Streptococcus pyogenes causes a number of diseases, such as uncomplicated pharyngitis, impetigo, acute rheumatic fever, and poststreptococcal glomerulonephritis. Acute rheumatic fever has decreased markedly in developed countries; however, it is still a leading cause of heart diseases among children in developing countries (3, 40). An acute type of severe S. pyogenes infection called streptococcal toxic shock-like syndrome (TSLS) has been reported in the United States, Europe, and Japan since the mid-1980s (9, 16, 21, 28). TSLS is usually associated with severe infections like necrotizing fasciitis and septicemia. Thus, a safe and effective vaccine against S. pyogenes would be highly desirable worldwide, and in this context, streptococcal surface proteins which are involved in the adhesion and invasion of host cells may be reasonable targets in the development of a new vaccine for protection against S. pyogenes infection.

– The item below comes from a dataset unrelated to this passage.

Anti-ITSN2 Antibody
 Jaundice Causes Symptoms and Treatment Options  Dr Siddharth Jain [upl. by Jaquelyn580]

A major virulence factor located on the streptococcal cell surface may be the M protein that confers resistance to phagocytosis and acts as an adhesin (11, 15). Although many studies have revealed that M protein elicits protective immune responses against the infecting serotypes (6, 26, 27), there are two major problems in the development of this vaccine. One is that more than 100 different M serotypes have been identified and a number of clinical isolates have been M nontypeable (19, 35). The other is that some M proteins share structural homology with cardiac proteins such as myosin and tropomyosin (10, 17). The M19 protein possesses both a protective epitope and an autoimmune epitope in the amino terminus (2).
Immunological aspects of M proteins have been extensively studied; however, the other streptococcal protein antigens have not been well assessed as vaccine candidates. In this regard, there are studies showing that immunization with proteases such as C5a peptidase and streptococcal cysteine protease elicit a non-type-specific immunity irrespective of the M serotype (20, 22). More recently, several cell surface proteins have been reported to induce protective immune responses in mice (8, 13, 39). However, it is still unclear whether these proteins induce protective immune responses to different M serotypes.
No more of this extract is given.